Fu Tianfan, Hoang Trong Nghia, Xiao Cao, Sun Jimeng
Department of Computational Science and Engineering, Georgia Institute of Technology.
MIT-IBM Watson AI Lab, IBM Research.
IJCAI (U S). 2019 Aug;2019:5857-5863. doi: 10.24963/ijcai.2019/812.

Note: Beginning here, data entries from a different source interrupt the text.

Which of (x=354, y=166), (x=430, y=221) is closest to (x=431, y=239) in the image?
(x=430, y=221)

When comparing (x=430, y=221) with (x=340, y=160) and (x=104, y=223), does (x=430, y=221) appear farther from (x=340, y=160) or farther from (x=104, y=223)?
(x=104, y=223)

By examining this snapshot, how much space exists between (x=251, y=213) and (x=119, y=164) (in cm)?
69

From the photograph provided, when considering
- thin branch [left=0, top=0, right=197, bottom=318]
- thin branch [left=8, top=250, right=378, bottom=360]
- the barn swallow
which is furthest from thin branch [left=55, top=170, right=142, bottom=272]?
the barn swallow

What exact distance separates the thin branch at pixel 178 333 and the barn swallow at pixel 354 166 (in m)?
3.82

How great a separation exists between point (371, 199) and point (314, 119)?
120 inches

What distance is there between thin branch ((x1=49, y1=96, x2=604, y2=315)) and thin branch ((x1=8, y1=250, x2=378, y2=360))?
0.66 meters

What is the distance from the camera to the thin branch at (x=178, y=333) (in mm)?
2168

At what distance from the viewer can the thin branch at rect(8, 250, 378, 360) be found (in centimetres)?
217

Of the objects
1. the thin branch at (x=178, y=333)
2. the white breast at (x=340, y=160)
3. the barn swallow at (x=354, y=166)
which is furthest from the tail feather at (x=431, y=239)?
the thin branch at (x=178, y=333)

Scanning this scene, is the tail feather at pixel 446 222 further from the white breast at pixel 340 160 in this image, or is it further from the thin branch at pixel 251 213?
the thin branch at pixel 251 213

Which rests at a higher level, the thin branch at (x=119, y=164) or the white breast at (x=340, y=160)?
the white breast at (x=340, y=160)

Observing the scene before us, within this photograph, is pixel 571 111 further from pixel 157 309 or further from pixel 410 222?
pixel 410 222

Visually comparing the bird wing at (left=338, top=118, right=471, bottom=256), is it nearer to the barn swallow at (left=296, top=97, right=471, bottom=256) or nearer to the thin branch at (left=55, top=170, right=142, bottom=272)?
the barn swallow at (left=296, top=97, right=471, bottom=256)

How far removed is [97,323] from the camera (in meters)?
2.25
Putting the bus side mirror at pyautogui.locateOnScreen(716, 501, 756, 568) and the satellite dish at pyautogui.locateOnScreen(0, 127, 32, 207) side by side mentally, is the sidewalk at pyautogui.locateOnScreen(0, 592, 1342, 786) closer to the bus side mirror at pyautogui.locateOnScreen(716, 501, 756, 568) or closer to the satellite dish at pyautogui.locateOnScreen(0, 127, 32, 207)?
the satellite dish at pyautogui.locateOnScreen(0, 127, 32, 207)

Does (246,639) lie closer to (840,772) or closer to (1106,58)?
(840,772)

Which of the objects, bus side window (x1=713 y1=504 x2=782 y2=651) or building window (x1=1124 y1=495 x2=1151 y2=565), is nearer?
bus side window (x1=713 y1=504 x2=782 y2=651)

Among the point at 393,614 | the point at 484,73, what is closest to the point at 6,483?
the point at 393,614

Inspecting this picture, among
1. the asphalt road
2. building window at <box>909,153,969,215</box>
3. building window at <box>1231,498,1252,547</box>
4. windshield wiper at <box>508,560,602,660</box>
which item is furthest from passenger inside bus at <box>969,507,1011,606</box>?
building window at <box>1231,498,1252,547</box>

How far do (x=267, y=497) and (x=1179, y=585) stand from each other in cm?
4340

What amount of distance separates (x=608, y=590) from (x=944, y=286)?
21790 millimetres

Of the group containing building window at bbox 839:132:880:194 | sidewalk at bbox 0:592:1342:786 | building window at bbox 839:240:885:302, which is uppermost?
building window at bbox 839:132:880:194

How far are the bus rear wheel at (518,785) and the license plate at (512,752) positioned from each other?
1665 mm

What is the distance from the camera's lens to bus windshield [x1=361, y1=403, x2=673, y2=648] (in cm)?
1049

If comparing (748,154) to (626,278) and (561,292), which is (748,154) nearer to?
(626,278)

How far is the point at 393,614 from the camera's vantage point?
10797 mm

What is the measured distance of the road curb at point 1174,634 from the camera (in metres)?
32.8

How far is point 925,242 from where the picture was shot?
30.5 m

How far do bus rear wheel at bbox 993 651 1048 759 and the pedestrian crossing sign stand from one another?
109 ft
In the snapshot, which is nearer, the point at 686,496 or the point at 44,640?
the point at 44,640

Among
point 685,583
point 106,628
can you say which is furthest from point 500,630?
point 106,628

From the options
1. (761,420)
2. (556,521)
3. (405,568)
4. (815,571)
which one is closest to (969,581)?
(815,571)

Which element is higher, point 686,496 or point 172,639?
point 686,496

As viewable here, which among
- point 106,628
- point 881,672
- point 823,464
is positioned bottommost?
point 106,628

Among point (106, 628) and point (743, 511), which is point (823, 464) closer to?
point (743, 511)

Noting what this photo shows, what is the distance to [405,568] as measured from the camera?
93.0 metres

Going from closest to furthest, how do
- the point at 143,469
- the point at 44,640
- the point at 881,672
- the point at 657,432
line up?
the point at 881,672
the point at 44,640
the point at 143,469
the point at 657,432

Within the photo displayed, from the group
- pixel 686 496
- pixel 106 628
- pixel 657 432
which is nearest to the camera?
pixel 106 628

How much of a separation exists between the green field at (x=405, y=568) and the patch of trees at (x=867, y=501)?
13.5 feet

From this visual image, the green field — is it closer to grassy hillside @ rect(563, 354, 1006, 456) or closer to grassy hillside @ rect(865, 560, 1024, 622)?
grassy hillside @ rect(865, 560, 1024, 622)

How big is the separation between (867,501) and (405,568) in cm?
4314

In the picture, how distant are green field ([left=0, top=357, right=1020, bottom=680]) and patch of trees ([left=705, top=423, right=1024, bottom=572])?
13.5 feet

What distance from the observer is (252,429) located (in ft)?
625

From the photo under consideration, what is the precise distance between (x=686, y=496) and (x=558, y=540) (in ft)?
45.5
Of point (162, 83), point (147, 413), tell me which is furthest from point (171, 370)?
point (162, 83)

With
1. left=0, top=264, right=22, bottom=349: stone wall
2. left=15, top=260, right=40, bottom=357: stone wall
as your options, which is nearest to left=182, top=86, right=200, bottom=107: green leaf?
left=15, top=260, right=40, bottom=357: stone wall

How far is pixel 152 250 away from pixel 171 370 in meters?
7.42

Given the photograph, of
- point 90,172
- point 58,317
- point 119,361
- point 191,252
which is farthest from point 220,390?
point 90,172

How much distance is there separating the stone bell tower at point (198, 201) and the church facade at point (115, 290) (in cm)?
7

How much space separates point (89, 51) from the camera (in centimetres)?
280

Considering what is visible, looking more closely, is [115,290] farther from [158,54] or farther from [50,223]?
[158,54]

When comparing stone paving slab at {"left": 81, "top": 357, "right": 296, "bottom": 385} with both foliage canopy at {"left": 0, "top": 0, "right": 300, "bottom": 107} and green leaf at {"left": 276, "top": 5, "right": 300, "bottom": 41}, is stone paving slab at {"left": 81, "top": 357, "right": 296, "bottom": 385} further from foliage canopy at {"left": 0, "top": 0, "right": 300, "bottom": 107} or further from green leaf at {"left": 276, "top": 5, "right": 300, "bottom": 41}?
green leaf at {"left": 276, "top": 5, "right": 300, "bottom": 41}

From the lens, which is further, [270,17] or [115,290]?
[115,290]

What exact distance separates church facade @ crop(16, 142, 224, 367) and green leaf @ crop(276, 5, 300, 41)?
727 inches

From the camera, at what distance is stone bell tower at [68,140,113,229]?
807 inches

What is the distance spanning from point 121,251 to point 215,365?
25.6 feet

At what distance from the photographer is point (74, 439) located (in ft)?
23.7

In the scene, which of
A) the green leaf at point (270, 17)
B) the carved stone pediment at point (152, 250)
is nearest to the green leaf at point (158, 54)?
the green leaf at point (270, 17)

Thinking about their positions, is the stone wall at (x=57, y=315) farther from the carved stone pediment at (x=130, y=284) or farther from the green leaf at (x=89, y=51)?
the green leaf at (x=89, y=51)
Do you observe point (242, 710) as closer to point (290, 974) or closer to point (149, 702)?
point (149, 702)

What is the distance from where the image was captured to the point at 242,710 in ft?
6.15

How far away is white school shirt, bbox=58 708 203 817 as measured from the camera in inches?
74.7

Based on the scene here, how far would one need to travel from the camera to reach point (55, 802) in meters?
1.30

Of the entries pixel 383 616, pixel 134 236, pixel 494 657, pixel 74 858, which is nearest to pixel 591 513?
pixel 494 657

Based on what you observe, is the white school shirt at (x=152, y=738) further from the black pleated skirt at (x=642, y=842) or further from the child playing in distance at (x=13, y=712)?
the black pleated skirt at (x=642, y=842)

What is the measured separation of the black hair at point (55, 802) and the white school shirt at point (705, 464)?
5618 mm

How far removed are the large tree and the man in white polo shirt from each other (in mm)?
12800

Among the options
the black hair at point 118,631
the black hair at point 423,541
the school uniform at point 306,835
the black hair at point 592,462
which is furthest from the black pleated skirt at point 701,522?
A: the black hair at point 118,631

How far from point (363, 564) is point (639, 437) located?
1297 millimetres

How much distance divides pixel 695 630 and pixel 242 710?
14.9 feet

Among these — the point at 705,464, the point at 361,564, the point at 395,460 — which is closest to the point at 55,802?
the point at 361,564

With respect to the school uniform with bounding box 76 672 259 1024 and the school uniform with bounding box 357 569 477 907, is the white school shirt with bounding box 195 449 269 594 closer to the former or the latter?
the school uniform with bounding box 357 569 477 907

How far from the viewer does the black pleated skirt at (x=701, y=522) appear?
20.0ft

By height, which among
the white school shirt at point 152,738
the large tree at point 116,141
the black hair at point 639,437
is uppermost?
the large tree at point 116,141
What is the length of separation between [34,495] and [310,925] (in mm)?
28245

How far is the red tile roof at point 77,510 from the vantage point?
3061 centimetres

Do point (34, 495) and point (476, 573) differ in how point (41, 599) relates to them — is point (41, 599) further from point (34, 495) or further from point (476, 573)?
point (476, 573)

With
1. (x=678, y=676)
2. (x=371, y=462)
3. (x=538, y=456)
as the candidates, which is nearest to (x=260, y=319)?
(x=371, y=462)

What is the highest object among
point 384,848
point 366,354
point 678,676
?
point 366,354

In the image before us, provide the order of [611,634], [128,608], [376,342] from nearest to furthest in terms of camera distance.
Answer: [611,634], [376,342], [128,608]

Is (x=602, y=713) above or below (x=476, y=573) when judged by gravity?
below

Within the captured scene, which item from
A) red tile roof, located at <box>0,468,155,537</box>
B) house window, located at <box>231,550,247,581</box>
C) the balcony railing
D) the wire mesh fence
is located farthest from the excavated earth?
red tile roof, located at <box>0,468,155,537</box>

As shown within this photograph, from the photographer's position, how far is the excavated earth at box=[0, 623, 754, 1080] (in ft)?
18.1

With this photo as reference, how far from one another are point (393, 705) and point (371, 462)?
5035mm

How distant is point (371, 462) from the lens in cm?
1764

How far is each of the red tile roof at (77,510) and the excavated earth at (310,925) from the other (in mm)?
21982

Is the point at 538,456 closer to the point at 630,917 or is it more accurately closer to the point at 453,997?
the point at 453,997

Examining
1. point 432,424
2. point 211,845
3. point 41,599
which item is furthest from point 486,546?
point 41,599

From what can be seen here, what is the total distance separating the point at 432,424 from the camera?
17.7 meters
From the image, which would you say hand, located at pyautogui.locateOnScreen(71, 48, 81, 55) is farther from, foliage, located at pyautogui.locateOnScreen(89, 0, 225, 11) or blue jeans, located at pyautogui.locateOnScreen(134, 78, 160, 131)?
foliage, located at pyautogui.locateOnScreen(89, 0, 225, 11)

Predictive phenotyping is about accurately predicting what phenotypes will occur in the next clinical visit based on longitudinal Electronic Health Record (EHR) data. While deep learning (DL) models have recently demonstrated strong performance in predictive phenotyping, they require access to a large amount of labeled data, which are expensive to acquire. To address this label-insufficient challenge, we propose a deep dictionary learning framework (DDL) for phenotyping, which utilizes unlabeled data as a complementary source of information to generate a better, more succinct data representation. Our empirical evaluations on multiple EHR datasets demonstrated that DDL outperforms the existing predictive phenotyping methods on a wide variety of clinical tasks that require patient phenotyping. The results also show that unlabeled data can be used to generate better data representation that helps improve DDL's phenotyping performance over existing methods that only uses labeled data.
预测性表型分析旨在基于纵向电子健康记录(EHR)数据准确预测下次临床就诊时会出现哪些表型。虽然深度学习(DL)模型最近在预测性表型分析中表现出强大性能,但它们需要访问大量标记数据,而获取这些数据成本高昂。为应对这种标记数据不足的挑战,我们提出了一种用于表型分析的深度字典学习框架(DDL),该框架将未标记数据用作补充信息源,以生成更好、更简洁的数据表示。我们在多个EHR数据集上的实证评估表明,在各种需要患者表型分析的临床任务中,DDL优于现有的预测性表型分析方法。结果还表明,未标记数据可用于生成更好的数据表示,这有助于提高DDL相对于仅使用标记数据的现有方法的表型分析性能。